Dirty key tracking implementation

Blocking of dirty reads and delaying ack of writes is centered around the ability to determine the set of keys that are dirty or uncommitted by the "quorum" of nodes in the cluster.

This can be realized by keeping track of the list of items that are dirty in the some data-structure (a radix tree in this draft) where each key is corresponded with the byte offset it is currently waiting on acknowledgements from replicas. An incoming read operation can quickly determine whether the keys it tries to access are dirty or not, and if dirty, what offset is required to unblock its responses. This mechanism can also serve if we want to allow a configurable "tail data loss" (i.e allow up to x seconds / x amount of data to be acked before consensus)

The downside of this approach is that the response message gets buffered in memory on the valkey server. This creates certain amount of memory pressure on the server for 2 categories of scenarios: 

  • The incoming reader client tries to read a very large item (i.e. a composite item that contains many fields) thus generates a large response buffer in memory
  • Many incoming clients try to access dirty items (i.e. hot items) and accumulates a large amount of responses buffered in memory.

For those cases, we could implement a throttling mechanism in the valkey server.

Hooks/touchpoints

This POC hooks into the processing of the command in the following places.

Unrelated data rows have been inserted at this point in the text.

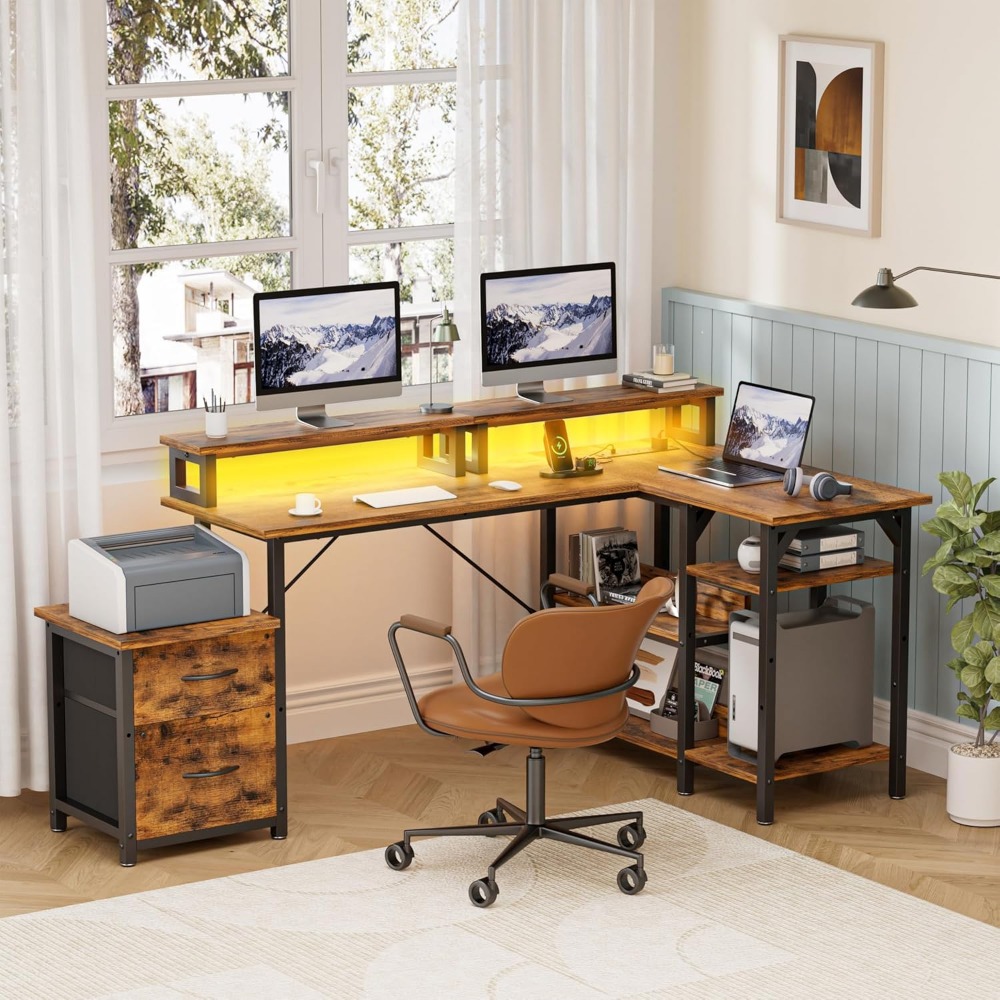 Office Desk with File Drawers& - Desk Setup Corner ulasan dan harga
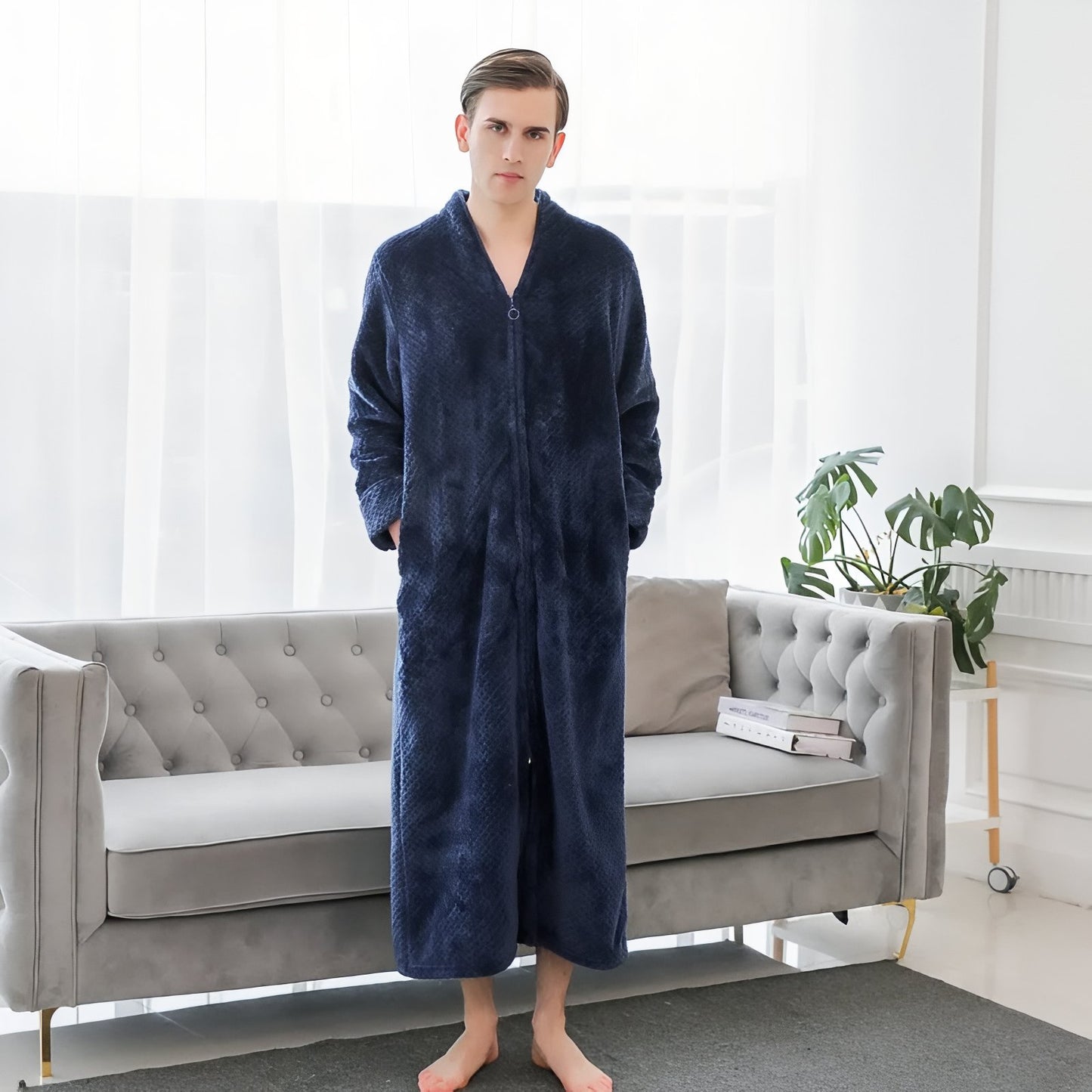Peignoir Homme Polaire Fermeture Eclair 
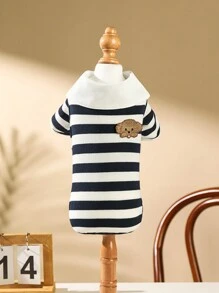 1pc Pet Polo Shirt For Dogs And Cats, Blue Stripe And Red Stripe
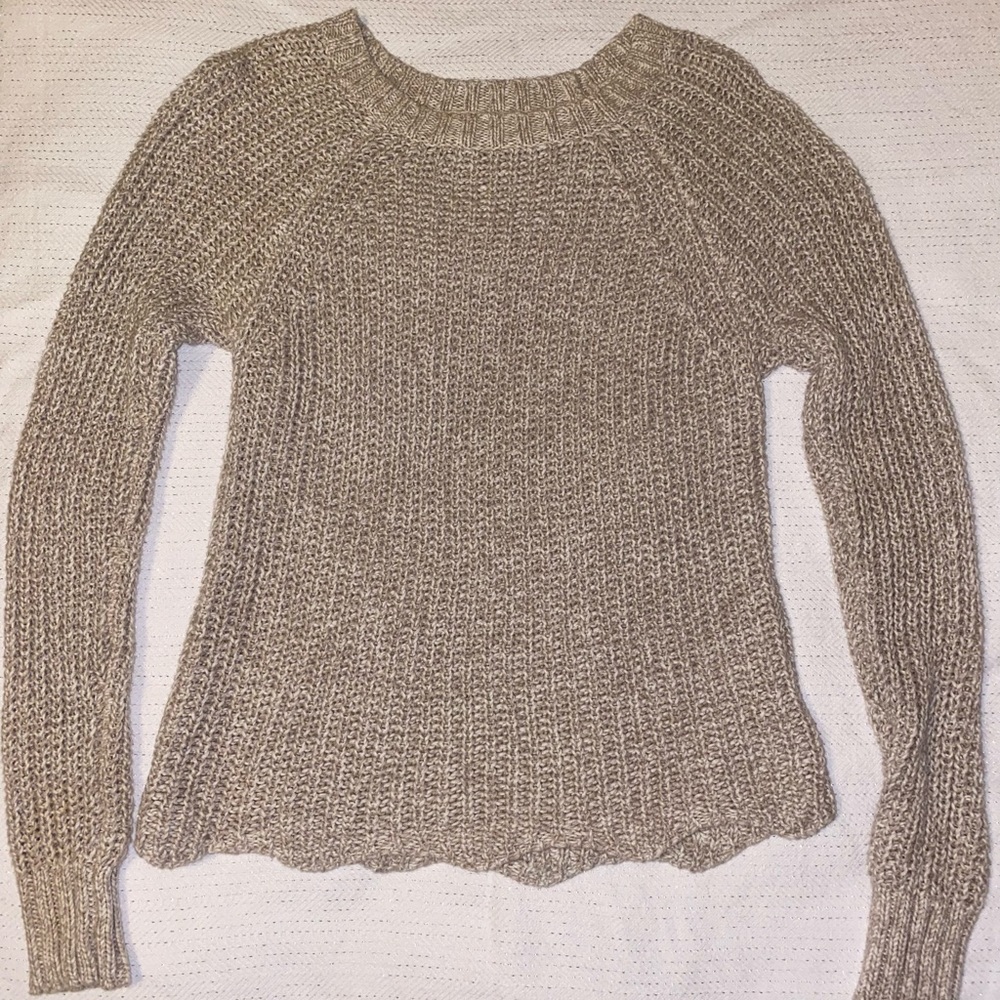 Beige knit A&E sweater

The existing flow for most commands is

processCommand -> call() -> c->cmnd->proc()

This PR adds the following hooks:

  • processCommand
    • preCommandExec: track the pre-execution positions in the reply cob of the client (and, eventually, connected monitors)
    • call
      • preCall: record the starting replication offset of the command about to be executed.
      • cmd->cmnd->proc()
      • postCall : here, we detect whether we have a command that has made a key dirty (by comparing the replication offset from preCall with the current one), or if the command has accessed a dirty key.
        • In the write path, the blocking offset is the current offset.
        • In the read path, we get the offset by searching for the key in the rax tree.
    • postCommandExec
      • block the client for the given offset

The separation of preCall/postCall and preCommandExect and postCommandExect is so that we can handle multi and lua.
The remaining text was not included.